◆ Information provided
============================================================

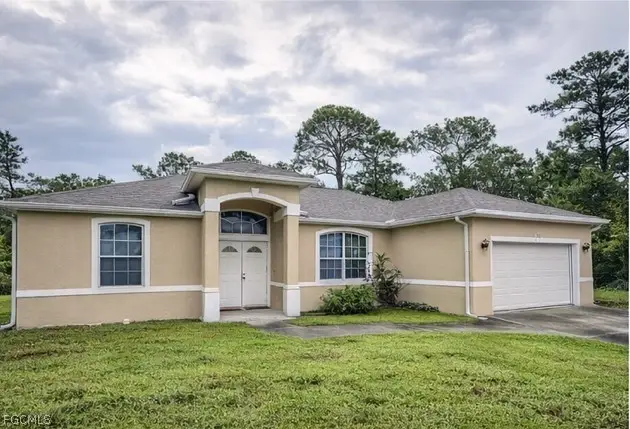 1203 Grant Boulevard, Lehigh Acres, FL 33974 - Image #1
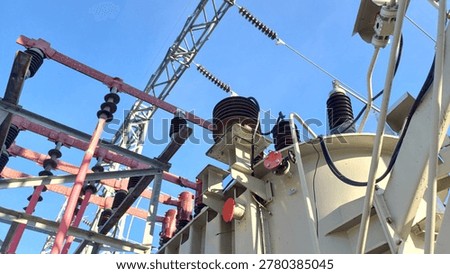 Low angle view of a high voltage power transformer and porcelain insulators at an electrical substation against a clear blue sky. Industrial energy distribution and electricity transmission infrastructure.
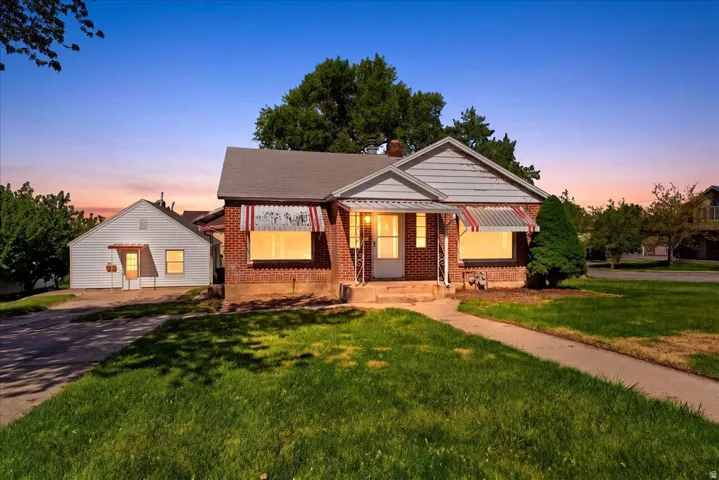 Brick residence featuring a covered front porch with decorative awnings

============================================================

◆ The task
Only the pictures stay behind; everything else in the data above is to be retyped exactly.

◆ Answer section
 1203 Grant Boulevard, Lehigh Acres, FL 33974 - Image #1
 Low angle view of a high voltage power transformer and porcelain insulators at an electrical substation against a clear blue sky. Industrial energy distribution and electricity transmission infrastructure.
 Brick residence featuring a covered front porch with decorative awnings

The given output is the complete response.